How are Flutter Calculations Made?

We model the airplane interaction between structural vibrations and unsteady aerodynamics using an engineering tool such as MSC.Nastran. These models show whether an airplane will respond in a stable or unstable fashion to an atmospheric disturbance. Stable responses will damp out over time and are not a problem. Unstable responses will grow, generally within seconds, and usually with serious results.

How is Freedom from Flutter Designed into an Airplane?

A flutter analysis shows which airplane types, or modes, of vibration result in flutter and at what airspeeds the flutter occurs. Flutter outside the analysis envelope is not a problem but flutter inside the envelope is. Variations in the analysis model can show which design changes we can use to improve flutter behavior. Typical design features that contribute to good flutter characteristics include: stiff, lightweight structure, mass-balanced or hydraulically stiffened control surfaces and structural mass concentrated toward the wing or tail leading edges.

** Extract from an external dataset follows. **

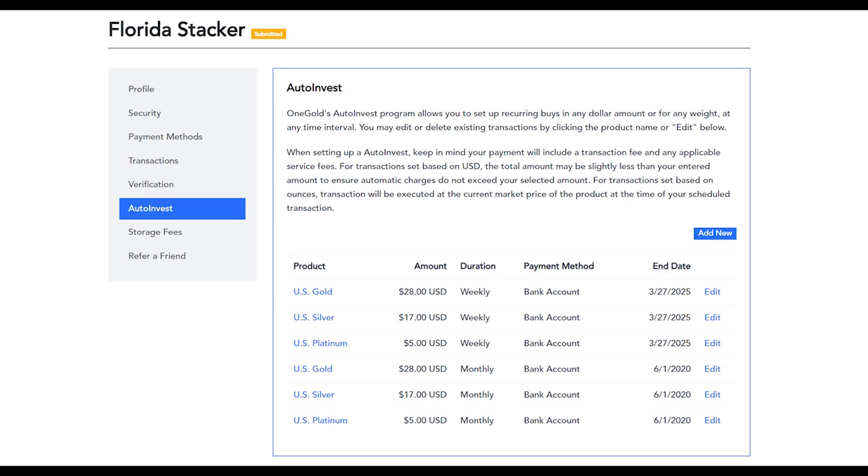Now let's take a look at the auto invest feature, which I think honestly is the best thing going for OneGold. I have two different auto investments currently set up. I am putting $50 per week on Fridays into OneGold — currently set up at $28 into gold, $17 into silver, and $5 into platinum to keep that allocation I mentioned. I also have a fifth purchase scheduled on the first of the month for the same dollar amount and allocation, so all in all I'm putting $250 per month on autopilot into OneGold toward redeeming this Buffalo.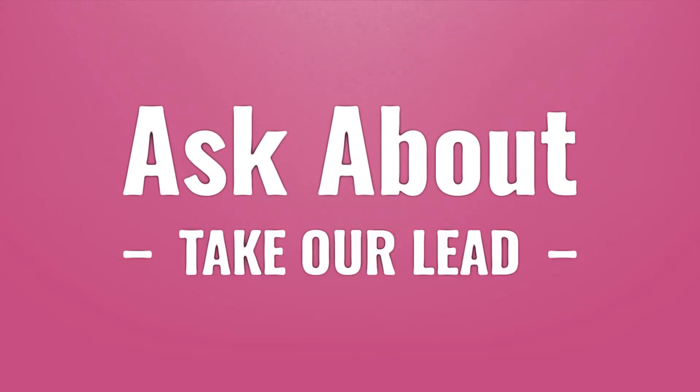Let us help you make your mark. Our goal is your satisfaction — let us show you the way.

What Tests and Analyses are Performed?

Engineers usually calculate airplane structural vibration modes with a Finite Element Model (FEM). Validation of these models is from a Ground Vibration Test (GVT) of the actual as-built airplane or component. We validate the aerodynamic data taken from Computational Fluid Dynamics (CFD) and wind tunnel tests and during the airplane certification flight testing phase. We also conduct flight flutter tests during the certification flight tests. During these tests, the airplane is subjected to critical flight conditions (usually requiring a shallow dive) and control pulses or other means to excite structural vibrations, which are shown to have stable damping. The tests use speed buildup approaches and other flight test procedures to ensure flight safety during the tests.